# Scratch bumper/broken tail light



## sentra09 (Oct 26, 2009)

Hi,
I recently hit my Sentra into a pole in a parking lot; broke the bottom of the tail light and scratched the bumper deeply. I'm not sure what would be the best approach to fix it.

I don't necessarily want a "brand new" look, but just wanted to know if it's ok to drive with it that way? Would it rust from rain/snow if I don't fix the scratches?

Can I apply some scratch-treatment from a store, or would it better to get professionally fixed?

Please advise!


----------



## Faja (Aug 31, 2009)

Just replace the taillight with a new or used one - they're pretty cheap on Ebay or even try junkyard so you don't get any water leaks. The bumper cover itself is not made of metal so I don't think rust is a problem, if it's only scratched but still hanging properly then you can leave as is or patch as best you can.


----------



## wesley40336 (Oct 25, 2009)

Of course the best approach is a profeesional fix. 

If you need a replacement tail light, check ebay. You can get them pretty cheap there. Or RockAuto.com.

As far as the scratch is, it really just depends on how bad and big it is. If it's just a single gash, you might try a little touch up paint. If it's a big scuff, it will need to be painted. 

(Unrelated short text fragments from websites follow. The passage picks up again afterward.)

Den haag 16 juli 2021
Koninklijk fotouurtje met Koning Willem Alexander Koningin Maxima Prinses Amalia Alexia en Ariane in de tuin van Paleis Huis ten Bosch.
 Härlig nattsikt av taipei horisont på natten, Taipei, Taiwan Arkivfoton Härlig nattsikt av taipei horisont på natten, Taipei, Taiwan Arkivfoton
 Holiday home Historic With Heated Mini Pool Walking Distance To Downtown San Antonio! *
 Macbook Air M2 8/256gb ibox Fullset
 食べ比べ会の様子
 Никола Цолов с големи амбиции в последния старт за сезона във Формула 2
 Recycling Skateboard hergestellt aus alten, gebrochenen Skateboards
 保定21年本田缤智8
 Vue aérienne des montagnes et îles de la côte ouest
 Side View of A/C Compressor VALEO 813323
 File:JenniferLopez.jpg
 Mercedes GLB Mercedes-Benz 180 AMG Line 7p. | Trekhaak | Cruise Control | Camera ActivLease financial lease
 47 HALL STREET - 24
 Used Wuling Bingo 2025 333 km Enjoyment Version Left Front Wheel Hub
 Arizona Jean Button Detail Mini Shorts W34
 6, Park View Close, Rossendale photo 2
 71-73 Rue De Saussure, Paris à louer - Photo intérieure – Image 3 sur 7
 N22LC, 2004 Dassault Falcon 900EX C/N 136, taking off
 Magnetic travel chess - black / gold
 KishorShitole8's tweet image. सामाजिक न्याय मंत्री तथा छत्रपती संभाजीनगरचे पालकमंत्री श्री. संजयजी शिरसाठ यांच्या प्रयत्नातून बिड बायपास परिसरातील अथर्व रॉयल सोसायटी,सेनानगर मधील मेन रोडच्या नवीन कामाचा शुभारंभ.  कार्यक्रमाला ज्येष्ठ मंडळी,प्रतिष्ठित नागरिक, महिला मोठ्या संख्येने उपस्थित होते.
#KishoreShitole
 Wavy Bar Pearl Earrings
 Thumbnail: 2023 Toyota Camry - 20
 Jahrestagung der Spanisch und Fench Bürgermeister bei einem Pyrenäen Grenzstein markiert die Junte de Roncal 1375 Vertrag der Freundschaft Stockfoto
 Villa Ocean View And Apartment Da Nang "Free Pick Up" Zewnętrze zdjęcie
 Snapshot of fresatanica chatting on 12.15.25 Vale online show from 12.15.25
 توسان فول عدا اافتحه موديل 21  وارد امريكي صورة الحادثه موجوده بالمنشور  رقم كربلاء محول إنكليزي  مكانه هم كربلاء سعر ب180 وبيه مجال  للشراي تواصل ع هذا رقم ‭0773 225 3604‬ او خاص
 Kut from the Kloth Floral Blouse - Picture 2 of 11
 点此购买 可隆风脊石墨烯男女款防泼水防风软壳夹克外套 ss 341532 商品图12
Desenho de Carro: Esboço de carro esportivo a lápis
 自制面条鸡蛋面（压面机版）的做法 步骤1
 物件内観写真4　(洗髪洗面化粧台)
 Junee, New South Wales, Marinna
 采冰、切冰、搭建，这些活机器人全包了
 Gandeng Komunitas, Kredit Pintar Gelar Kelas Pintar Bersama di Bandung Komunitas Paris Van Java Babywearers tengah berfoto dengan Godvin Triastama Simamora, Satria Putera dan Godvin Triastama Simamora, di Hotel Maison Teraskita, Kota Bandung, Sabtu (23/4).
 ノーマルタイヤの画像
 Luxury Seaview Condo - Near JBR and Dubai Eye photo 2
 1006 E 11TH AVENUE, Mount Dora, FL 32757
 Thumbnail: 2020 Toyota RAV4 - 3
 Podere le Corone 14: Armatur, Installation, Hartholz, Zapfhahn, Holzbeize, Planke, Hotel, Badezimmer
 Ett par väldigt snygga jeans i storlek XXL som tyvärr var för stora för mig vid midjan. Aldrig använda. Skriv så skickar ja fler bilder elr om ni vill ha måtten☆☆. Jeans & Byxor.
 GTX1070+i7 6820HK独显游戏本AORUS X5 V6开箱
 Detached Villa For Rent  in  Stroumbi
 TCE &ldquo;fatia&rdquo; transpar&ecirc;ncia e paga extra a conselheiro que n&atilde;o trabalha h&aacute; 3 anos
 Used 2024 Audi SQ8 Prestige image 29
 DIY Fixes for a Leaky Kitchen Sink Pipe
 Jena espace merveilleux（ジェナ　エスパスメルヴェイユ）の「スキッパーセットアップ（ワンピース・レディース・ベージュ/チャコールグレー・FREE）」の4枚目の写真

You can try some scuff fixer, but I've never seen any that actually works.


----------



## TURBOSENTRA08 (Nov 14, 2009)

sentra09 said:


> Hi,
> I recently hit my Sentra into a pole in a parking lot; broke the bottom of the tail light and scratched the bumper deeply. I'm not sure what would be the best approach to fix it.
> 
> I don't necessarily want a "brand new" look, but just wanted to know if it's ok to drive with it that way? Would it rust from rain/snow if I don't fix the scratches?
> ...


hey whats up i was wondering if u were still lookn for a tail light cause i have a pair in 5* condition if ur interested i'll sell u the pair for the price of one


----------



## oshytisjp (Apr 21, 2009)

dude belive it or not theres some sentras in the junkyard i guess grls thats cant drive worth of shyt haha but that would be my best bet matter if fack i went couple weeks back i was surprised to see 3 places i went to with b16 sentras


----------